The limitations of the function is that its not allowed to have a negative derivate (an article will not loose likes when it gets older) and at x=0, y can't be larger than 0.
The only way i managed to get something like this was to use the function a*log(x-1)/log(b)+c and only applying it to the 240 first hours or so. If i take a longer timespan it just becomes a linear estimation where y(0) > 0. I also had to pick away all datapoints above 500 otherwise it gets way to high.
I used the following MATLAB code
modelFunc = @(p,x) p(1) .* log(x-1)/log(p(2)) + p(3);
coef = nlinfit(B(:,2),B(:,1),modelFunc,[1 2 0 0])

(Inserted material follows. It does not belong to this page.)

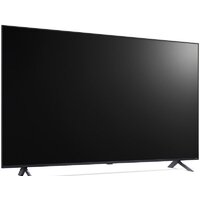 Телевизор LG QNED80 65QNED80T6A - Превью изображения №8 — Интернет-магазин Time-Shop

But this aproch have several problems that make the result Close to useless:
I asume that it is a logarithmic growth
I randomly picked the cut-off value in time to make the graph "look good"
I randomly picked a cut-off value for the "unnormaly high likes"
So this estimation line is based more on what looks good to my eyes than mathematical calculations...
Any ideas of how to get a good estimation for it?